Number of training samples at Random forest classifier

more trees do not necessarily mean better results, at least at this scale. To be absolutely sure, you can try 200 or 500 trees which fully average the best findings and drop out input rasters of low significance.

OK. Thanks Sir. I will do it although it takes time in SNAP. One more question, if we save a classifier for 10 trees, is it possible apply the same classifier on 500 trees (I want to avoid instability random forest by this way)?
If yes, probably, I should change the number of trees and selected images and then chose classifier. Am I right?

the principle of a random forest is to use a large amount of images to explain a trained distribution. If you select 500 trees, the classifier will randomly choose from your input images so you can always use the same input data. If you however have only few input data 50 or 500 trees doesn’t make any difference.

Thanks. My input is one image that I used some polygons for training (although based on SNAP; I used 5000 training as default). I classified with 500 trees but the result is worse again.
with 10 trees: 44%
with 50 trees: 42%
with 500 trees: 38%

that doesn’t make much sense. Random Forest classifiers are suitable for cases with multitude of explanatory variables (>12 input rasters) which are then randomly permutated during the training process. By doing this, the classifier statistically favours those rasters which have a higher value for the correct prediction of your training samples (also randomly selected).
Entering the same raster 500 times into the classifier doesn’t increase any of the quality. In that case, a KNN Nearest Neighbor classifier would possibly be more suitable.

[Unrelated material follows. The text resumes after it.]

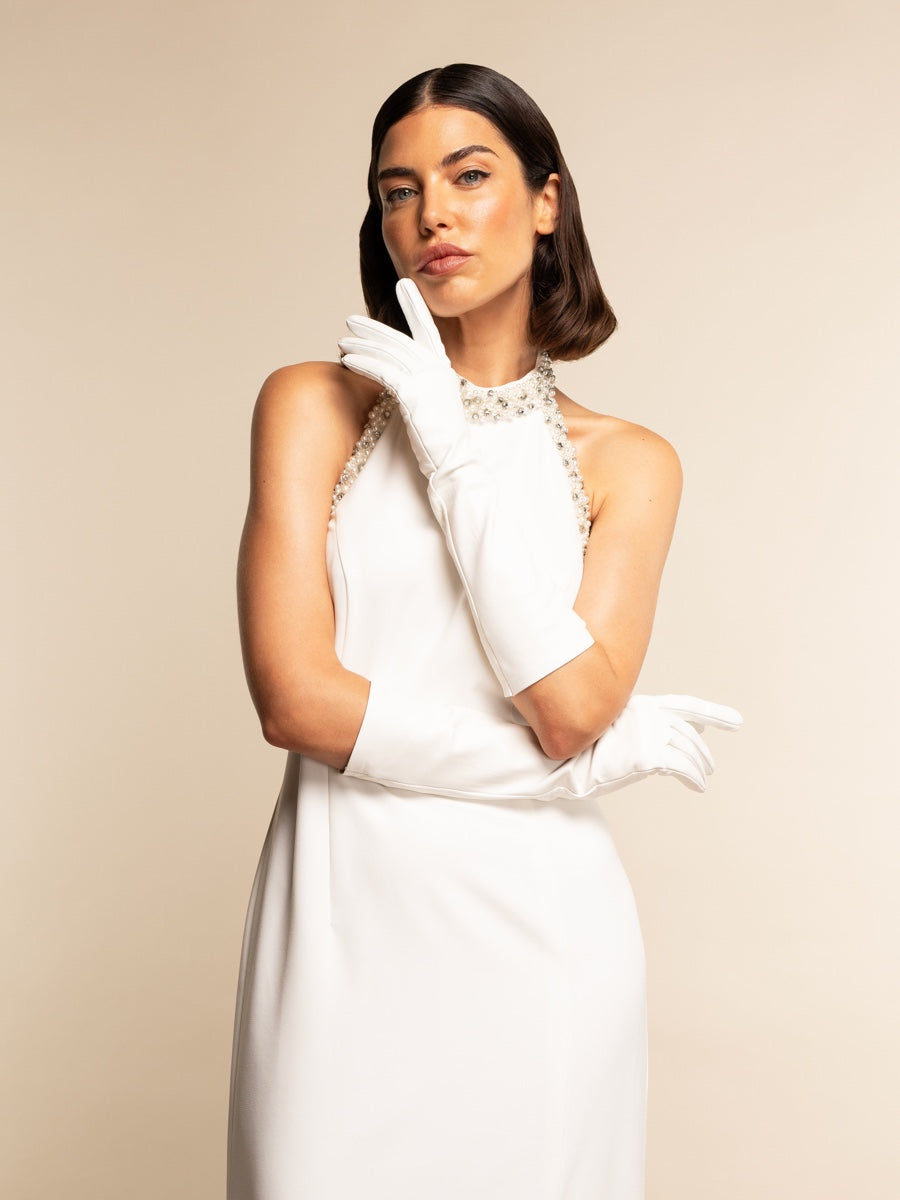 Angelina (white) - Italian silk lined 8-button length leather bridal / opera gloves - Fratelli Orsini - Luxury Leather Gloves - Handmade in Italy - 5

I did this work with Maximum Likelihood and result was 47 %. I do not know why? would you please put a reference to below sentence?
Random Forest classifiers are suitable for cases with multitude of explanatory variables (>12 input rasters) which are then randomly permutated during the training process. By doing this, the classifier statistically favours those rasters which have a higher value for the correct prediction of your training samples (also randomly selected).

Try to understand how the classifiers work. Not every classifier fits to any data. Many of them are not rocket science and there are descriptions for any kind of reader. Some are more technical, others use more examples.

Nicely illustrated: http://dataaspirant.com/2017/05/22/random-forest-algorithm-machine-learing/

Original source: https://www.stat.berkeley.edu/~breiman/randomforest2001.pdf

Very detailed but most comprehensive work: https://arxiv.org/pdf/1407.7502.pdf

1 Like

OK. I got it now. Thanks.
As you know there is instability in RF. That’s why I used a classifier for all images but I do not know my method is right in SNAP or not?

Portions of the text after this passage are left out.